Ojalá esto te pueda ayudar:
*cruzar / cruzar por *


----------



## 0scar

Se  debe leer "cruzar [la frontera] en automovil". Frontera queda implicito. ¿No es lo mismo en italiano?:
"Nella Cittadina zagarolese si va a piedi o la si può _attraversare in automobile"_


----------



## Rub87

0scar said:


> Se  debe leer "cruzar [la frontera] en automovil". Frontera queda implicito. ¿No es lo mismo en italiano?:
> "Nella Cittadina zagarolese si va a piedi o la si può _attraversare in automobile"_



pero en tu ejemplo el objeto de cruzar es la ciudad, no la frontera


----------



## ursu-lab

0scar said:


> Se  debe leer "cruzar [la frontera] en automovil". Frontera queda implicito. ¿No es lo mismo en italiano?:
> "Nella Cittadina zagarolese si va a piedi o *la *si può _attraversare in automobile"_



Cruzar significa attraversare e l'oggetto attraversato non è implicito, al massimo è semplicemente sostituito da un pronome.
Non credo che sia così ovvio che "cruzar en coche" _tout court_ si riferisca a un confine, anzi, non credo che in generale abbia senso senza indicare l'oggetto del verbo "cruzar". C'era sicuramente un pronome da qualche parte che riprendeva il luogo "attraversato".
Infatti, anche in questa frase in italiano, quel pronome "la" sta per "la cittadina di Zagarolo".


----------



## Mic_hele86

Vi mando l'esempio tratto dal testo:

"Está prohibido para el extranjero, y se lo señalarán con sus grandes dedos, recibir dinero a cambio de trabajo o trabajar a cambio de lo que sea. Por lo tanto, si cruza cotidianamente a una labor de lavaplatos, recolector de basura, mesero, sirvienta, oficinista, cajero, etcétera, deberá siempre llevar a la mano una buena historia que contarles, no importa que sea la misma cada vez."

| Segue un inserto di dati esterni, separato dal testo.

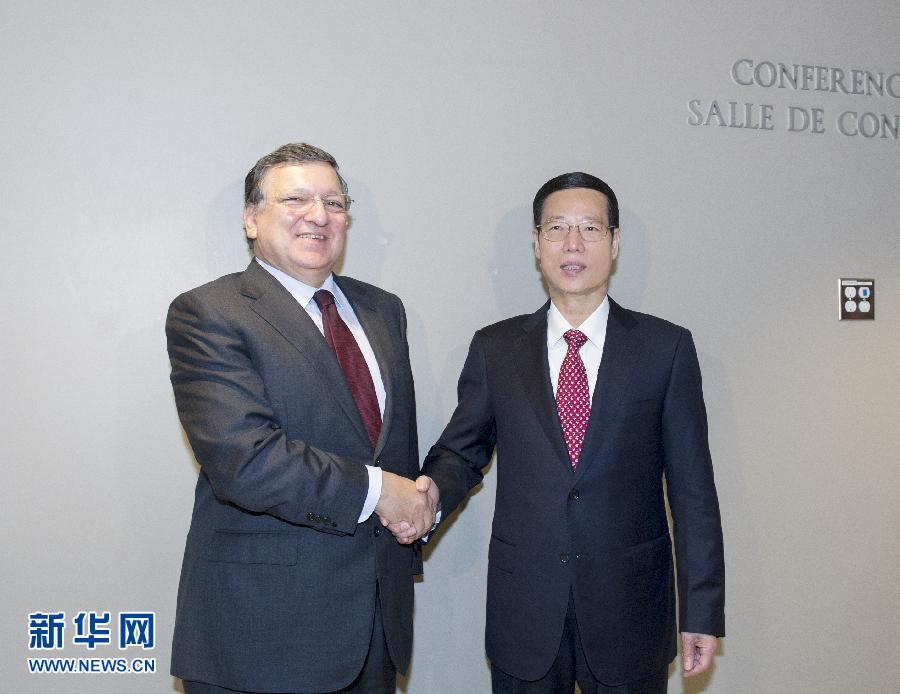 9月23日，正在紐約出席聯合國氣候峰會的國家主席習近平特使、國務院副總理張高麗在紐約聯合國總部會見歐盟委員會主席巴羅佐。新華社記者 王曄 攝 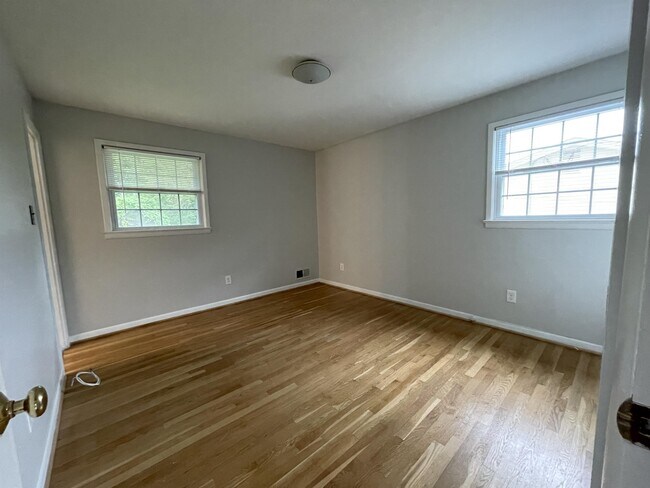 Building Photo - 810 Loxford Terrace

"Si cruza en automóvil, que no le extrañe que algunos Aduanas se acerquen con un perro para que husmee sus alrededores. No se sienta humillado si el perro orina una de sus llantas. Tampoco sienta gusto."

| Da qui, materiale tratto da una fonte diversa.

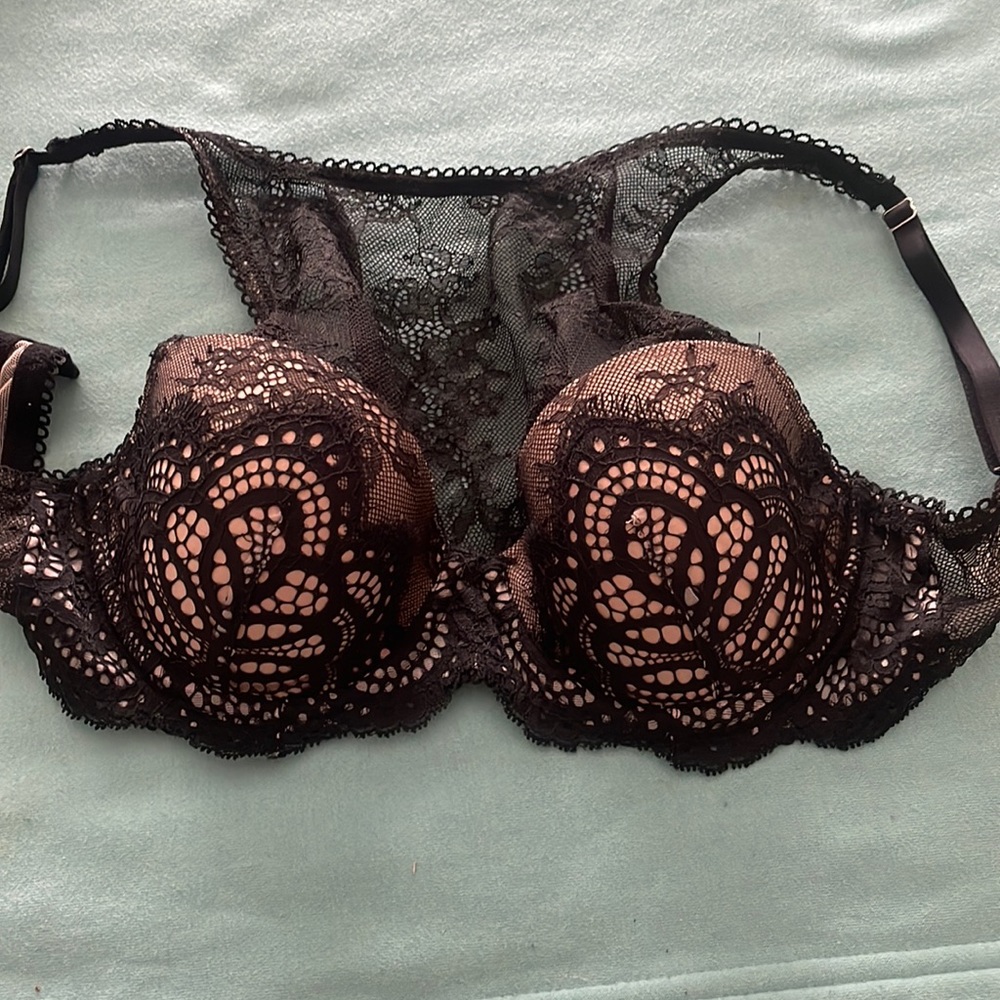 Beautiful up to your neck black VS laced bra with a blush background size 32D.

Come vedete l'oggetto attraversato sembra implicito davvero. Per la mia conoscenza dello spagnolo non mi pare che questo sia un uso scorretto del verbo cruzar, nel senso che non mi suona male. Ma in italiano usare solo 'varcare' o 'attraversare' senza specificare niente mi suona davvero male.

Grazie comunque per l'aiuto!


----------



## 0scar

Pongo un ejemplo:
"Si cruza la frontera en automovil haga A, si cruza en bicicleta haga lo B, y si cruza caminando entonces haga C, pero en caso de cruzar a caballo haga D. "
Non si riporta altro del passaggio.